- _Your instructions_
Drop the pictures, then extract the listing word for word.

- _Supplied material_
Start of Block

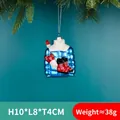 Blue hooded jacket glass ornament with red boots and gloves for Christmas tree hanging - Blue Puffer Jacket Style 12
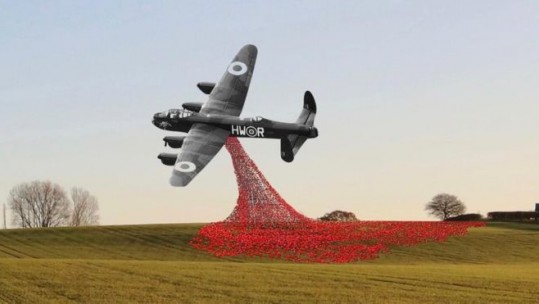 Lancaster Bomber statue 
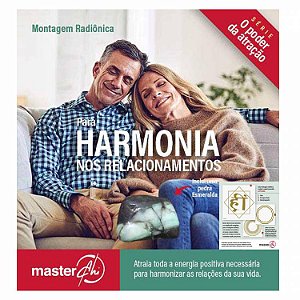 Kit de Placas Radiônicas - Harmonia nos Relacionamentos + Pedra Esmeralda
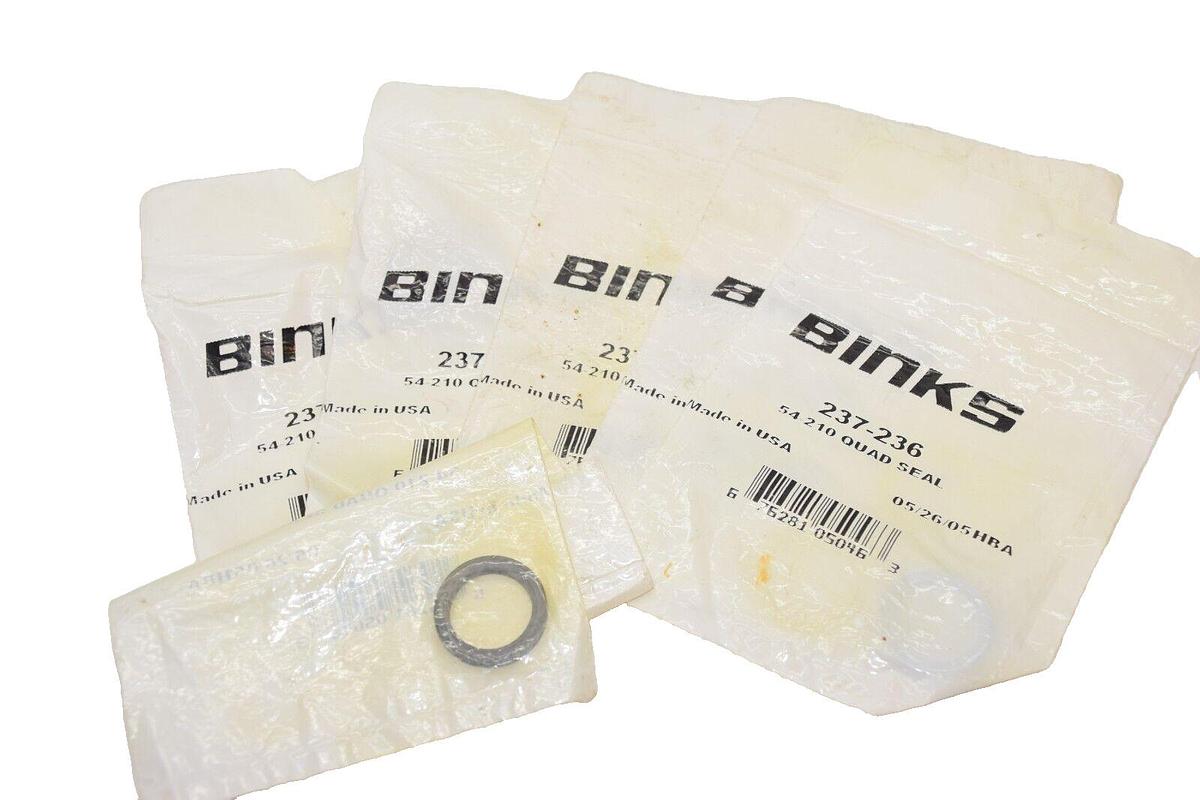 (NEW  - Lot of 6) BINKS 237-236 , 237236 Quad Seal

End of Block

- _Answer box_
 Blue hooded jacket glass ornament with red boots and gloves for Christmas tree hanging - Blue Puffer Jacket Style 12
 Lancaster Bomber statue 
 Kit de Placas Radiônicas - Harmonia nos Relacionamentos + Pedra Esmeralda
 (NEW  - Lot of 6) BINKS 237-236 , 237236 Quad Seal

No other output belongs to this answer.